When specified, a record from the left table t1 at t1.ts will only be joined with a record from the right table t2 at
t2.ts if both conditions are met: `t2.ts < t1.ts` and `t1.ts - t2.ts <= tolerance_value`
This ensures that the matched record from the right table is not only the latest one on or before t1.ts, but also within
the specified time window.
```questdb-sql title="LT JOIN with a TOLERANCE parameter"
SELECT ...
FROM table1
LT JOIN table2 TOLERANCE 10s
[WHERE ...]
```
The interval_literal must be a valid QuestDB interval string, like '5s' (5 seconds), '100ms' (100 milliseconds),
'2m' ( 2 minutes), '3h' (3 hours), or '1d' (1 day).

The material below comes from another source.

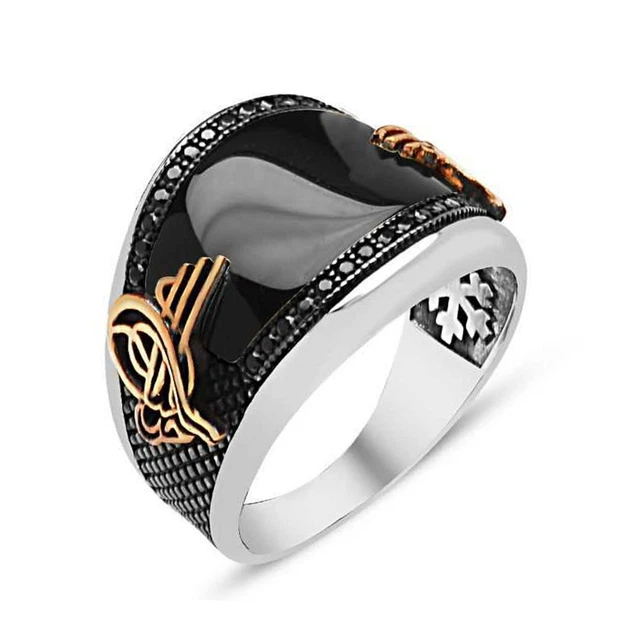 Bague Chevalière Homme Argent 925 - Sertie D'onyx Noir Et Zircon - Taille 58 à 70 - Neuf Avec étiquettes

##### Supported Units for interval_literal
The `TOLERANCE` interval literal supports the following time unit qualifiers:
- n: Nanoseconds
- U: Microseconds
- T: Milliseconds
- s: Seconds
- m: Minutes
- h: Hours
- d: Days
- w: Weeks
For example, '100U' is 100 microseconds, '50T' is 50 milliseconds, '2s' is 2 seconds, '30m' is 30 minutes,
'1h' is 1 hour, '7d' is 7 days, and '2w' is 2 weeks. Please note that months (M) and years (Y) are not supported as
units for the `TOLERANCE` clause.
The effective precision of the `TOLERANCE` clause depends on the
[designated timestamp resolution](/docs/concepts/designated-timestamp/#timestamp-resolution)
of the tables involved. For example, if a table uses microsecond resolution, specifying nanosecond
tolerance (e.g., `500n`) will not provide nanosecond-level matching precision.

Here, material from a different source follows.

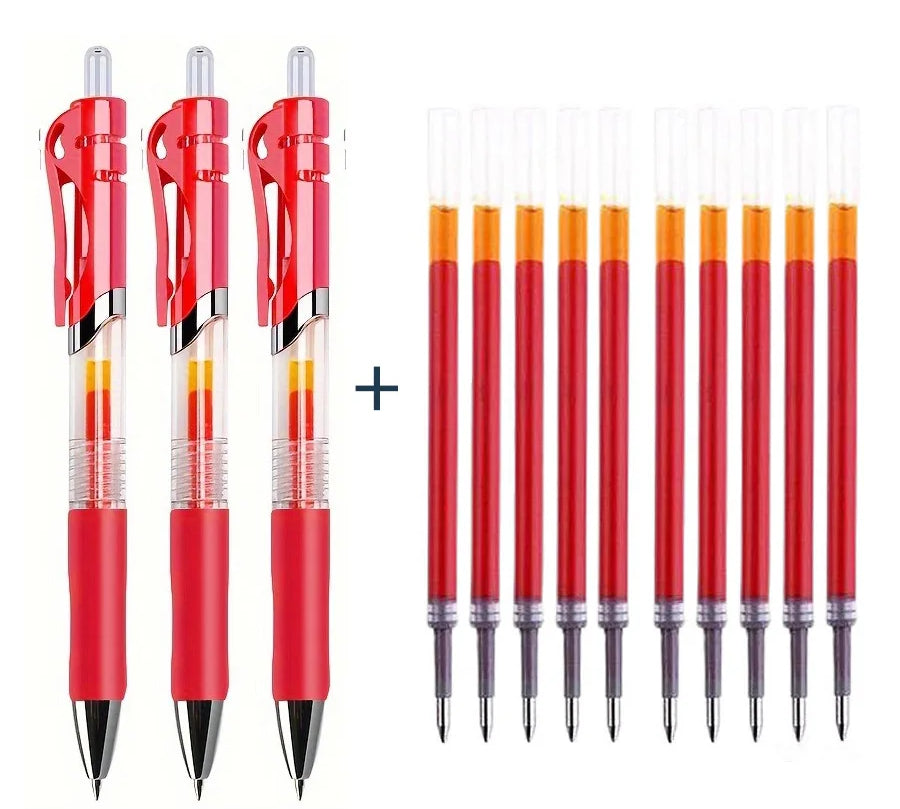 6/13pcs Retractable Gel Pens Set Black/Red/Blue Ink Ballpoint for Writing Refill Office Accessories School Supplies Stationery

See [`ASOF JOIN documentation`](/docs/query/sql/asof-join#tolerance-clause) for more examples with the `TOLERANCE` clause.
### SPLICE JOIN
`SPLICE JOIN` is a full `ASOF JOIN`. It returns all records from both tables.
For each record from the left table, it finds the prevailing record from the
right table, and for each record from the right table, the prevailing record
from the left table.
Considering the following tables:
Table `buy` (the left table):
| timestamp | price |
| --------------------------- | -------- |
| 2024-06-22T00:00:00.039906Z | 0.092014 |
| 2024-06-22T00:00:00.343909Z | 9.805 |
The `sell` table (the right table):
| timestamp | price |
| --------------------------- | -------- |
| 2024-06-22T00:00:00.222534Z | 64120.28 |
| 2024-06-22T00:00:00.222534Z | 64120.28 |
A `SPLICE JOIN` can be built as follows:
```questdb-sql
WITH
buy AS ( -- select the first 5 buys in June 22
SELECT timestamp, price FROM trades
WHERE timestamp IN '2024-06-22' AND side = 'buy' LIMIT 2
),
sell AS ( -- select the first 5 sells in June 22
SELECT timestamp, price FROM trades
WHERE timestamp IN '2024-06-22' AND side = 'sell' LIMIT 2
)
SELECT
buy.timestamp, sell.timestamp, buy.price, sell.price
FROM buy
SPLICE JOIN sell;
```
This query returns the following results:
| timestamp | timestamp1 | price | price1 |
| --------------------------- | --------------------------- | -------- | -------- |
| 2024-06-22T00:00:00.039906Z | NULL | 0.092014 | NULL |
| 2024-06-22T00:00:00.039906Z | 2024-06-22T00:00:00.222534Z | 0.092014 | 64120.28 |
| 2024-06-22T00:00:00.039906Z | 2024-06-22T00:00:00.222534Z | 0.092014 | 64120.28 |
| 2024-06-22T00:00:00.343909Z | 2024-06-22T00:00:00.222534Z | 9.805 | 64120.28 |
Note that the above query does not use the optional `ON` clause. In case you
need additional filtering on the two tables, the `ON` clause can also be used.
### HORIZON JOIN
HORIZON JOIN is a specialized time-series join for markout analysis and event
impact studies. It combines ASOF JOIN matching with a set of time offsets,
computing aggregations at each offset in a single pass.
It has its own page, [HORIZON JOIN](/docs/query/sql/horizon-join/).
### WINDOW JOIN
WINDOW JOIN aggregates data from a related table within a time-based window
around each row. It is useful for calculating rolling statistics, moving
averages, or aggregating readings within time windows.
It has its own page, [WINDOW JOIN](/docs/query/sql/window-join/).